Uh oh, you went there - power factor. It was drawing power all right, just not "real" power. Power companies hate this, they have to pay for the line losses which occur due to the reactive I squared R loss when they only measure and charge for "real" power.


----------



## John Hasler (Mar 30, 2014)

AlanR said:


> Uh oh, you went there - power factor. It was drawing power all right, just not "real" power. Power companies hate this, they have to pay for the line losses which occur due to the reactive I squared R loss when they only measure and charge for "real" power.



The fancy meters used for large industrial and commercial customers record the power factor and the customers are charged extra if it's high.


----------



## sevansx (Mar 30, 2014)

_ I just purchased a TECO vfd and 3phase motor from Dealer's. Works great. Great customer service._


----------



## AlanR (Mar 30, 2014)

John Hasler said:


> The fancy meters used for large industrial and commercial customers record the power factor and the customers are charged extra if it's high.


Or they or the customer pay for capacitor banks to correct it. Capacitors are a one time expense, paying constantly for PF charges is forever.


----------



## Ray C (Mar 30, 2014)

rdhem2 said:


> Gentlemen;
> Had a long chat last night with my brother-in-laws Dad.  Thirty three years a meterman at PP&L, (Pacific Power and Light).  I will be the first to admit that metering is a very weak subject of mine but after a quick refresher this may help.  First, there is no direct connection in the electrical component and the metering component of a meter.  Old mechanical style with the wheel, or new digital type.  Hence the meter does not care about voltage. The only thing that drives the meter is the magnetic coupling between the two sections of the meter. The voltage labeling on a meter is so you do not plug the meter into too high of a voltage.  Like a lot of things there is a maximum voltage but no minimum voltage to operate the meter, or of what it will measure.
> 
> If you peer into the side of a visible meter 240/120v 1 ph, you will see the secret of how it works.  There are two coils that wrap around a "C" shaped laminated armature that has the disk centered in the air gap of the armature.  The secret is INDUCTANCE, magnetism, the strength of the field is measured in Henries.  The magnetism or Henries are created/induced by current flow through the two coils.  This field is created regardless of voltage level but due to current.  All the little Henries (magnetism) reach down and grab the spinning metal plate, each side adding its own little addition to the strength of the field spinning it along at changing rates due to power usage.  This field value is also affected by capacitance and power factor but that is also another whole discussion for the future.  Again, this bit of wonder happens due to current flow creating magnetism regardless of voltage.  Due to the current flow through each field of the meter.
> ...



In a nutshell, the meter works the same as a clamp-on Ammeter.  When an Alternating current flows through a wire, it creates a magnetic field.  That magnetic field has a relationship to the flowing current and the higher the current, the stronger the magnetic field.

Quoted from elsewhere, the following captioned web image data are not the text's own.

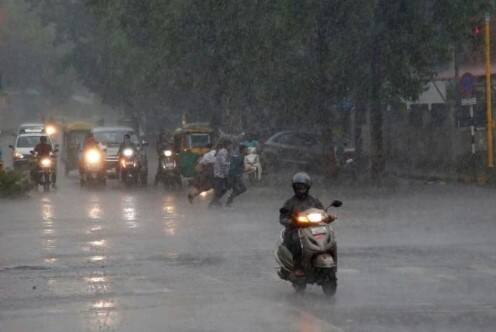અમદાવાદ: સૌરાષ્ટ્રમાં મેઘરાજા મેહરબાન થયા છે. પોરબંદર, દેવભૂમિ દ્વારકા, જૂનાગઢ અને ગીર સોમનાથ જિલ્લામાં ધોધમાર વરસાદ વરસ્યો છે. હવામાન વિભાગે આ ચારેય જિલ્લાઓમાં ભારે વરસાદની આગાહી કરી છે. પોરબંદર, જૂનાગઢ, દ્વારકા અને ગીર સોમનાથમાં અતિ ભારે વરસાદની આગાહી હવામાન વિભાગે કરી છે.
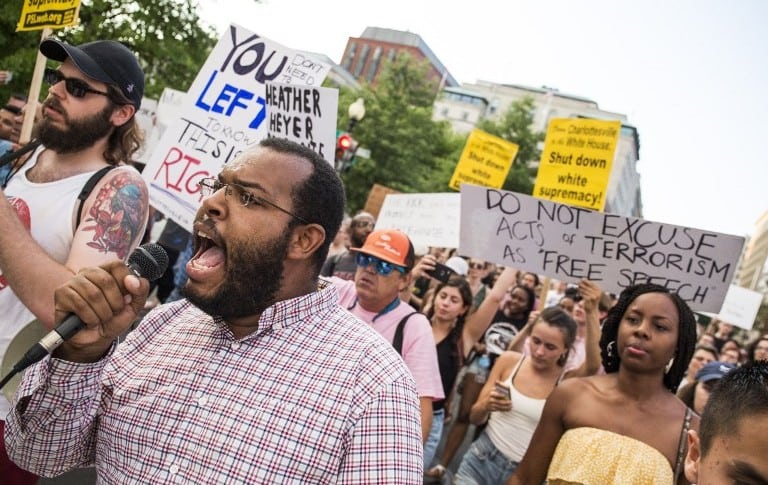 Manifestación fuera de la Casa Blanca en respuesta a la violencia en Charlottesville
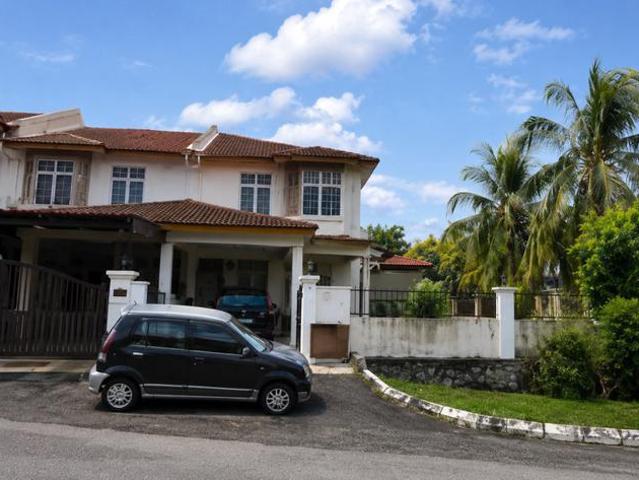Terraced House for sale in Tanjong Sepat, Selangor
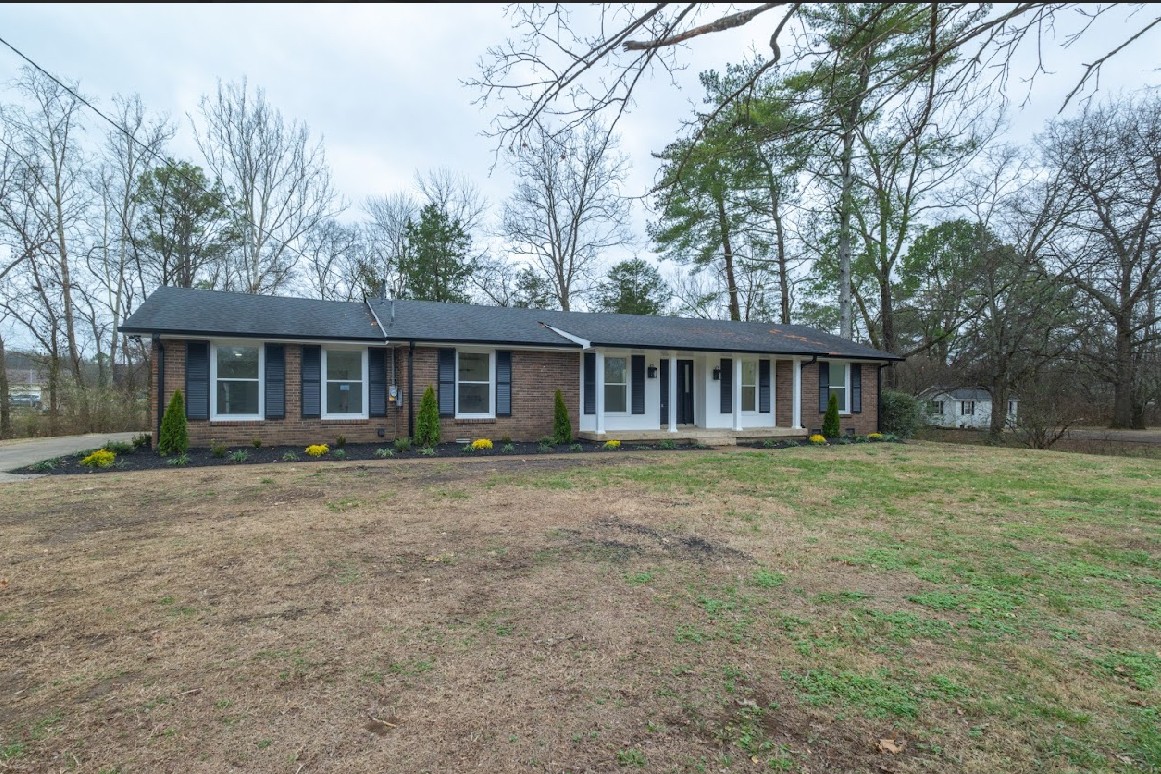 1109 Howell Dr Property Photo 1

The clamp-on ammeter has a built-in coil of known resistance and when you clamp that coil around a conductor it induces a voltage (from the magnetic field in the wire you're measuring) in the internal open coil.  The ammeter then measures that secondary voltage and since it knows the resistance of the internal coil, it uses Ohms law and calculates the theoretical current generated in the internal coil (if that coil were to be shorted).  The ammeter now knows the voltage and theoretical current in it's internal coil.  It then deduces the current in the wire you're measuring by using transformer ratio laws such as
N1/N2 = A1/A2.  N1 is the number of turns in the internal coil, A1 is the theoretical Amperage in the internal coil.  N2 is the number of turns in the wire you're measuring and since the wire only goes through the clamp coil once, N2 = 1.  Everything is known and all you do is solve for A2 which is the amperage flowing in the wire.  -Done.

I presume the meter box knows the voltage on the wires so, knowing the voltage and current, it easily knows the power used.

(If you don't believe me, take your clamp-on ammeter and loop the same wire through it twice.  It will read twice the current because you effectively changed N2 to equal 2).

Also, if you take the two hot lines of a 220 circuit under load and clamp the meter on both of them, it will read zero because, when one line is high, the other is low (they're 180 degrees out of phase) and they cancel each other out.  If you measure the neutral/ground, it should read zero or very close to zero.  If it doesn't you got a serious problem with that motor or possibly a ground fault in your system.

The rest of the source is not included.